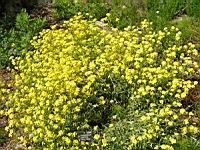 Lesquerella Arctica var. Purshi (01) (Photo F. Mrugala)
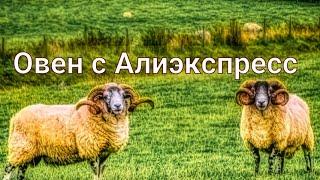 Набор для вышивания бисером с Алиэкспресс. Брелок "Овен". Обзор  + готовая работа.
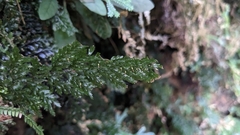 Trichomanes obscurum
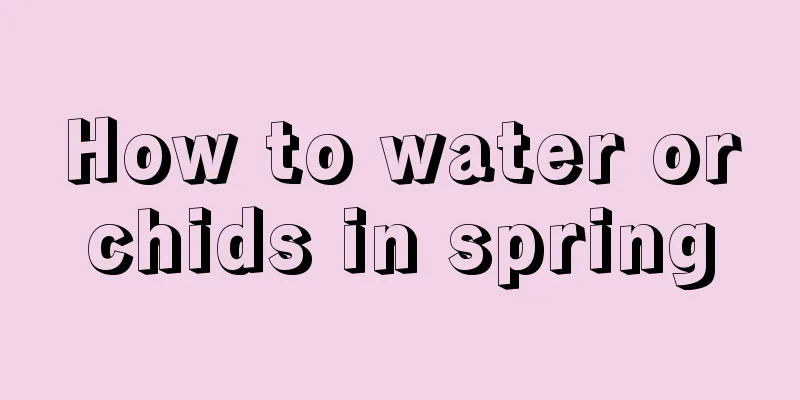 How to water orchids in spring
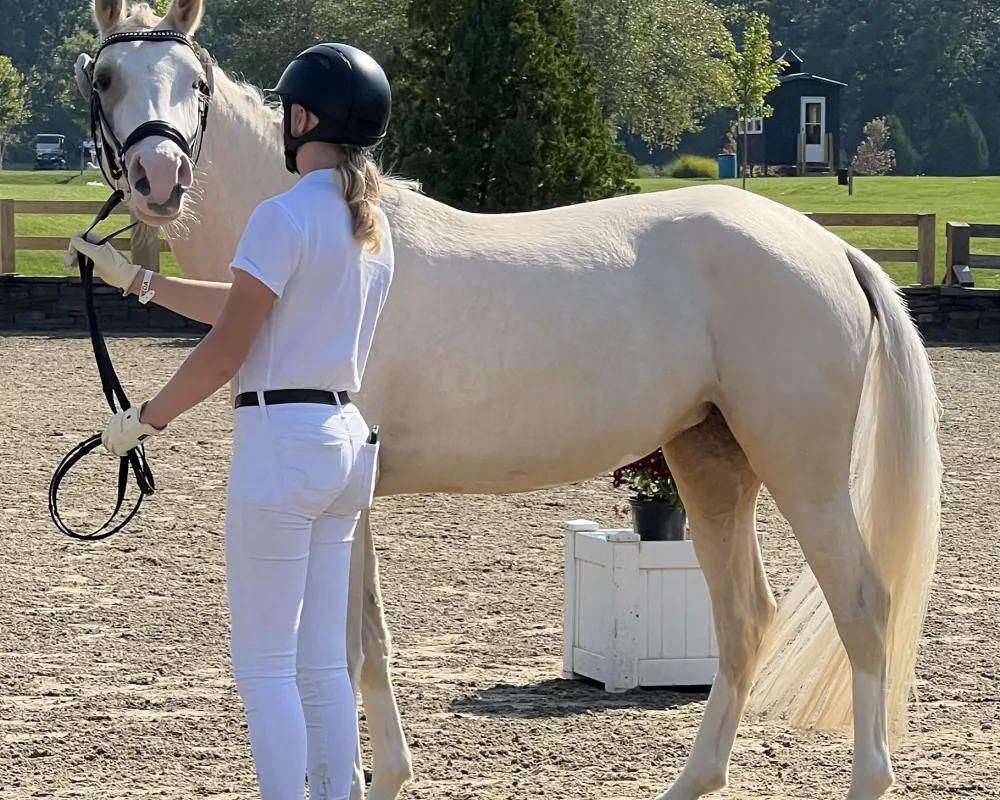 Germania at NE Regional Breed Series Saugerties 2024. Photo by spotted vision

==

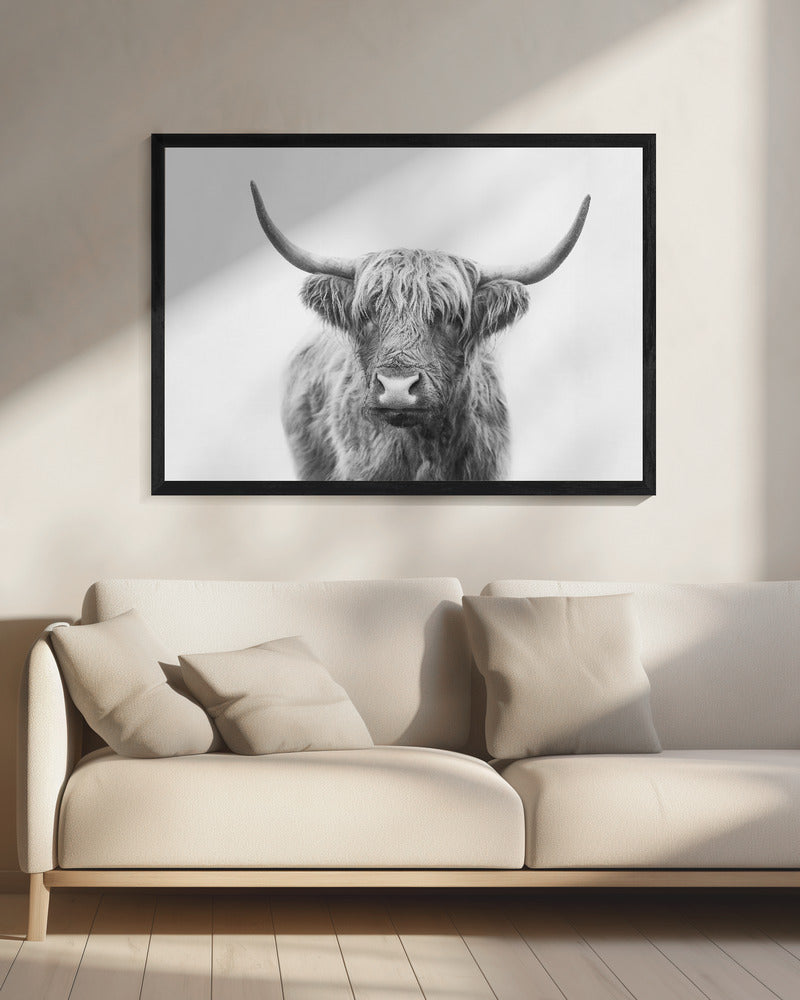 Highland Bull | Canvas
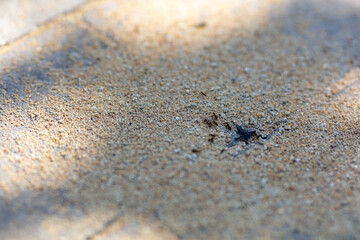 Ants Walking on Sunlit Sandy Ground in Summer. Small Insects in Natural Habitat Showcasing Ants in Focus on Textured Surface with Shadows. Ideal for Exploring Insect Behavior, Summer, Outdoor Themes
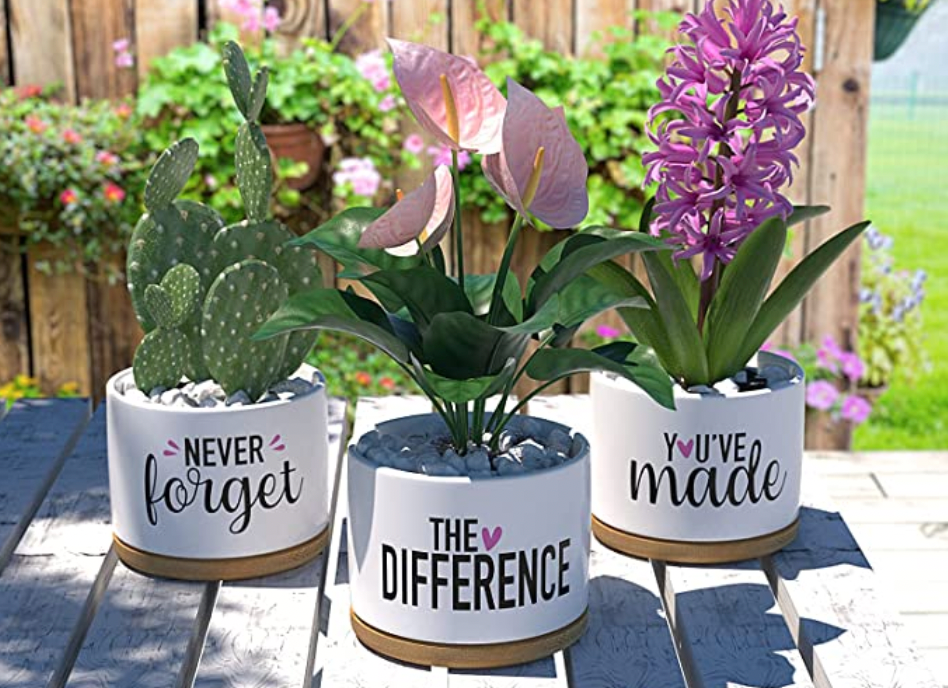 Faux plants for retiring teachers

# Directions for this task
Reproduce, word for word, only the lines in the records above from the line with "Lesquerella Arctica var." through the line with "Germania at NE", including both ends; omit the pictures.

# Answer to the problem
 Lesquerella Arctica var. Purshi (01) (Photo F. Mrugala)
 Набор для вышивания бисером с Алиэкспресс. Брелок "Овен". Обзор  + готовая работа.
 Trichomanes obscurum
 How to water orchids in spring
 Germania at NE Regional Breed Series Saugerties 2024. Photo by spotted vision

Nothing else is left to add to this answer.